▸ Dataset section
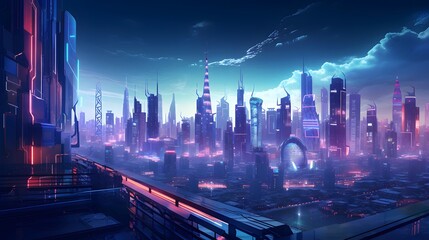 Wall Mural - Futuristic city panorama at night. 3d render illustration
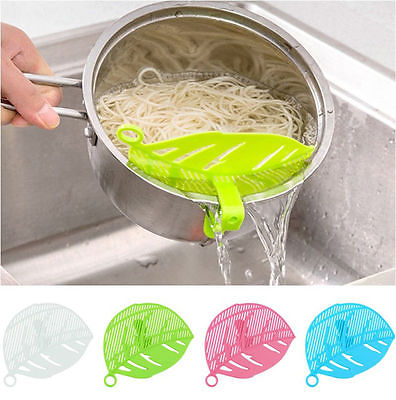 Hot 1PC Leaf Shape Durable Practial Plastic Kitchen Rice Beans Peas Wash Sieve Kitchen Washing Cleaning Tool Gadget Clips Filter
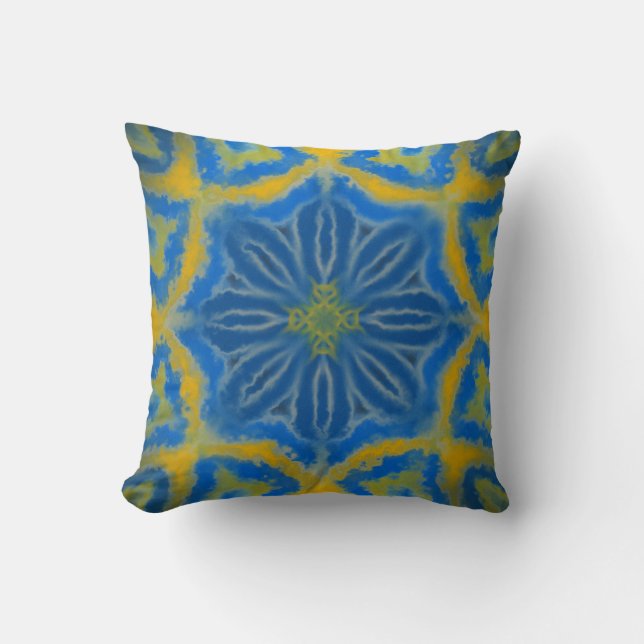 Blue and Gold Geometric Floral Pattern Cushion (Front)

▸ Problem statement
Omit the pictures and write out the remaining data exactly.

▸ Result of this exercise
 Wall Mural - Futuristic city panorama at night. 3d render illustration
 Hot 1PC Leaf Shape Durable Practial Plastic Kitchen Rice Beans Peas Wash Sieve Kitchen Washing Cleaning Tool Gadget Clips Filter
 Blue and Gold Geometric Floral Pattern Cushion (Front)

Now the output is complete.